Dataset excerpts:
--

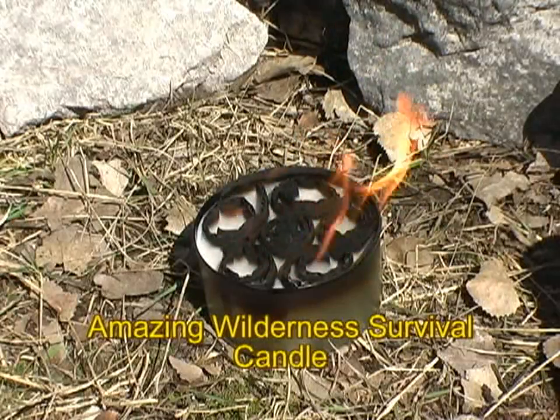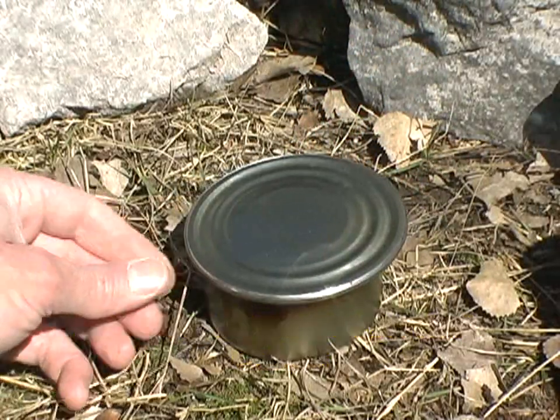Okay, we'll show you the proper way to put one of these out. This is an accessory from my world-famous cook kit.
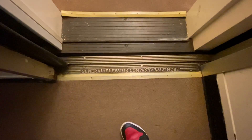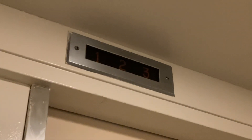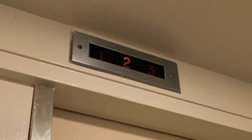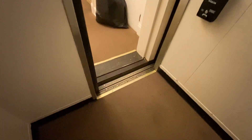It's not level right now. General Elevator Company, Baltimore. There's your indicator. And here we are up at three, and back down to one.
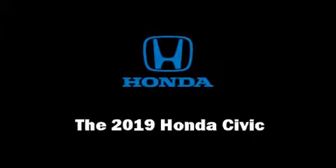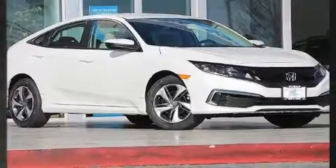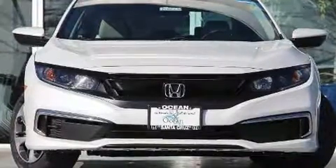The 2019 Honda Civic — this four-door, five-passenger sedan will allow you to take command of the road with confidence. Smooth gear shifts are achieved thanks to the efficient four-cylinder engine.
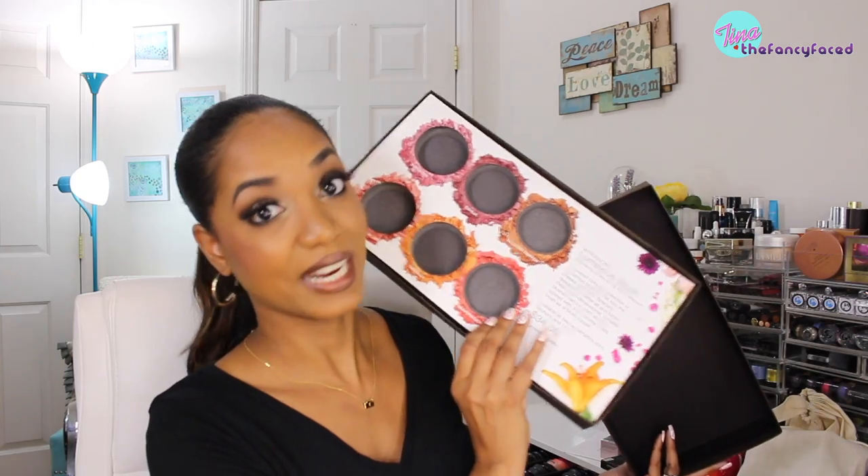Another brand I really enjoy — Becca — sent me their Luminous Blush Collection. These are blushes with shimmer in them and I do love their mineral blush formula: pigmented, applies nicely, though a little pricey. A couple of the shades are a little too light for my skin tone — they come off a little too silvery because of the shimmer. If you want to see a swatch video on darker skin, let me know.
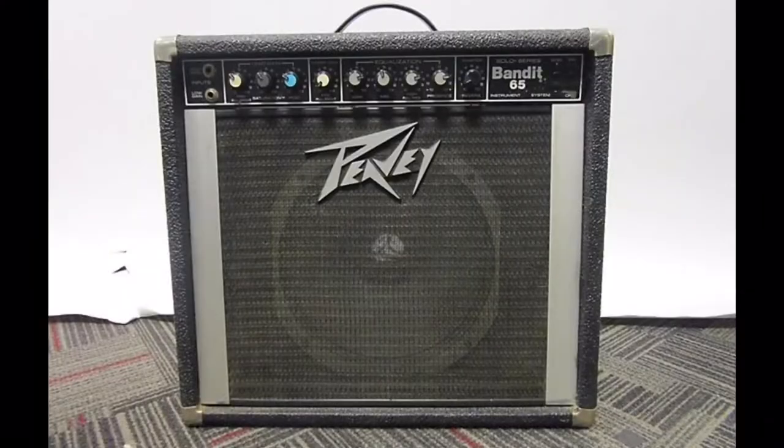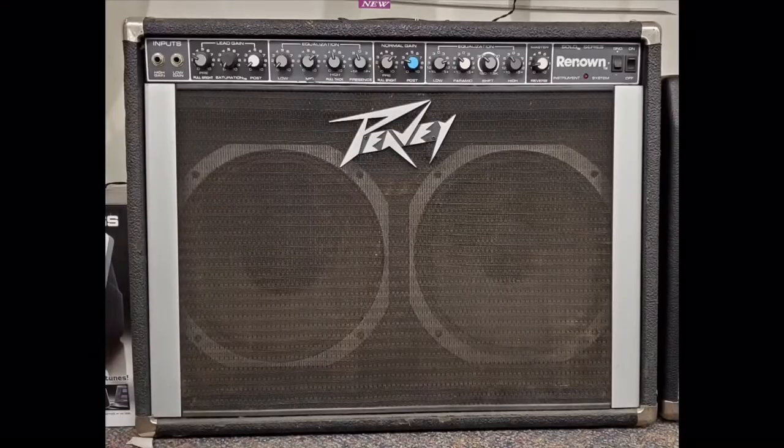My very first guitar amp — I was around 16 years old, and this was in the 90s. I had a Peavey Bandit 65. Those amps have actually gotten a lot of attention over the past couple of years because steel guitar players and country players like them — they have a good clean channel and sound well with pedals. I also had a friend, Arthur Albanese, who I played in a band with, and he played a Peavey Renown.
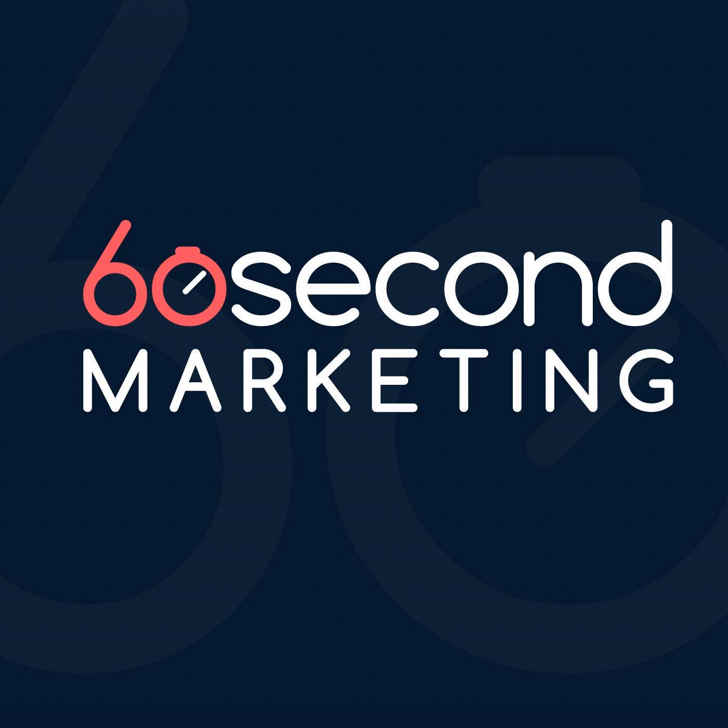Welcome to 60 Second Marketing. My name is Sandro Galindo and I'm here with my co-host Liz Hirsch. Together we're the only podcast that helps your small business grow through social media, SEO, and all things digital marketing — in the time it takes to change the batteries in your TV remote control.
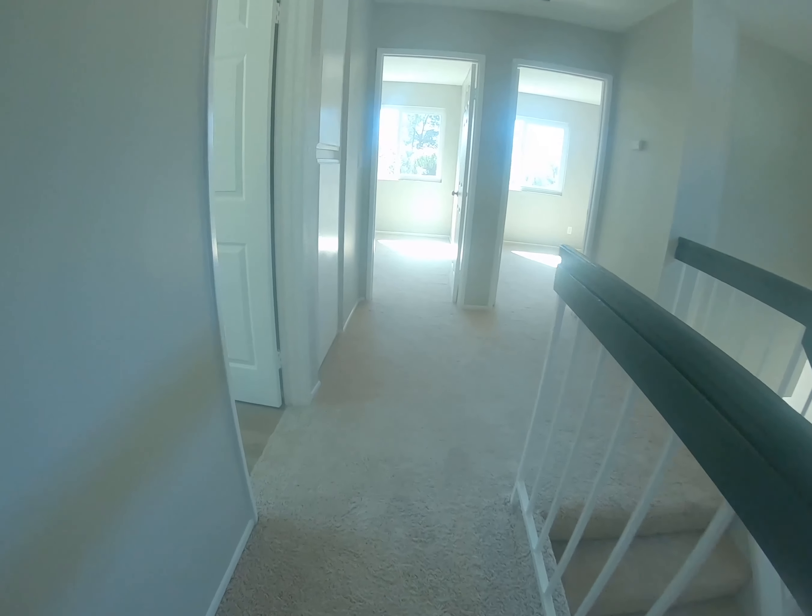We're walking out of the master bedroom to check out the second bathroom in the hallway — very nice, really good job. They basically upgraded the whole entire house from the entry all the way upstairs and everywhere. They did an awesome job.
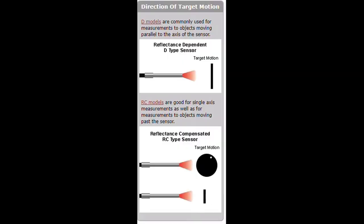In this graphic we're showing now, we have two types of probes: D models and RC models. The D models can only measure single-axis motion, which is common in a piston, valve, or diaphragm — something vibrating just back and forth. The RC type sensor is more of a general-purpose device because it can measure not only single-axis motion, but also if the target is rotating past the sensor or translating across it, the sensor can measure the distance accurately, since it is blind to reflectance changes.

--

[Action item]
Omitting the images, output each record precisely as written.

[Reply to the exercise]
Okay, we'll show you the proper way to put one of these out. This is an accessory from my world-famous cook kit.
It's not level right now. General Elevator Company, Baltimore. There's your indicator. And here we are up at three, and back down to one.
The 2019 Honda Civic — this four-door, five-passenger sedan will allow you to take command of the road with confidence. Smooth gear shifts are achieved thanks to the efficient four-cylinder engine.
Another brand I really enjoy — Becca — sent me their Luminous Blush Collection. These are blushes with shimmer in them and I do love their mineral blush formula: pigmented, applies nicely, though a little pricey. A couple of the shades are a little too light for my skin tone — they come off a little too silvery because of the shimmer. If you want to see a swatch video on darker skin, let me know.
My very first guitar amp — I was around 16 years old, and this was in the 90s. I had a Peavey Bandit 65. Those amps have actually gotten a lot of attention over the past couple of years because steel guitar players and country players like them — they have a good clean channel and sound well with pedals. I also had a friend, Arthur Albanese, who I played in a band with, and he played a Peavey Renown.
Welcome to 60 Second Marketing. My name is Sandro Galindo and I'm here with my co-host Liz Hirsch. Together we're the only podcast that helps your small business grow through social media, SEO, and all things digital marketing — in the time it takes to change the batteries in your TV remote control.
We're walking out of the master bedroom to check out the second bathroom in the hallway — very nice, really good job. They basically upgraded the whole entire house from the entry all the way upstairs and everywhere. They did an awesome job.
In this graphic we're showing now, we have two types of probes: D models and RC models. The D models can only measure single-axis motion, which is common in a piston, valve, or diaphragm — something vibrating just back and forth. The RC type sensor is more of a general-purpose device because it can measure not only single-axis motion, but also if the target is rotating past the sensor or translating across it, the sensor can measure the distance accurately, since it is blind to reflectance changes.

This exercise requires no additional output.